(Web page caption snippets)
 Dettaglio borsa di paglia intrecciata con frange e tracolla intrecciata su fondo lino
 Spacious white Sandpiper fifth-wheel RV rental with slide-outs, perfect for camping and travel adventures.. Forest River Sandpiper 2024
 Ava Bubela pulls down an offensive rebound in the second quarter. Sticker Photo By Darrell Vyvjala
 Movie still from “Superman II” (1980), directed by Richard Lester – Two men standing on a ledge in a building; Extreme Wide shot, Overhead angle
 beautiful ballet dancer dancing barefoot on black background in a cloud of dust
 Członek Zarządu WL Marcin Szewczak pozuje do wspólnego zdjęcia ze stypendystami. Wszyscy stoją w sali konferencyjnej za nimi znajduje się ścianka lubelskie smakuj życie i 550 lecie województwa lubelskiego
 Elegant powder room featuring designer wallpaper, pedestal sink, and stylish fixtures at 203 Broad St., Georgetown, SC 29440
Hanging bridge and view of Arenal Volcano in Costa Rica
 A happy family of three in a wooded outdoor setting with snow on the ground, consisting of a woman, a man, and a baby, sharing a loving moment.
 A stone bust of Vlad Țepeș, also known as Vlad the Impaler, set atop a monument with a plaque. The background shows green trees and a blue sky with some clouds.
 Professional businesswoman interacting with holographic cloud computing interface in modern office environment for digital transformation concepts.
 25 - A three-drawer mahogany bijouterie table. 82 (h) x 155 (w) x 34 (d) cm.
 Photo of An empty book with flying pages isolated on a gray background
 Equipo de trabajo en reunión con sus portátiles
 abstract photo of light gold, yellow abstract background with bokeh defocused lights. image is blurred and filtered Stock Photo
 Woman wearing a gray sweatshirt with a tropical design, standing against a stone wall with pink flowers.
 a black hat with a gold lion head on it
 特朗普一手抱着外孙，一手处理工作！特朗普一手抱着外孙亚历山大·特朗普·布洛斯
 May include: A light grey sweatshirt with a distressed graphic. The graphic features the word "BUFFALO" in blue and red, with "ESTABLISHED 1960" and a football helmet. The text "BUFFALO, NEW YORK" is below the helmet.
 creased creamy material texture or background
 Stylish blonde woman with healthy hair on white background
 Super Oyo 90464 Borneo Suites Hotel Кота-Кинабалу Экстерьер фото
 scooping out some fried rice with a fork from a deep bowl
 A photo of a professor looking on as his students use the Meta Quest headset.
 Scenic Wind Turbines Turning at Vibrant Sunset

• Task item: Working from the records above, tally the lines that contain "sweatshirt" and give only the total.

• Solution for this problem: 2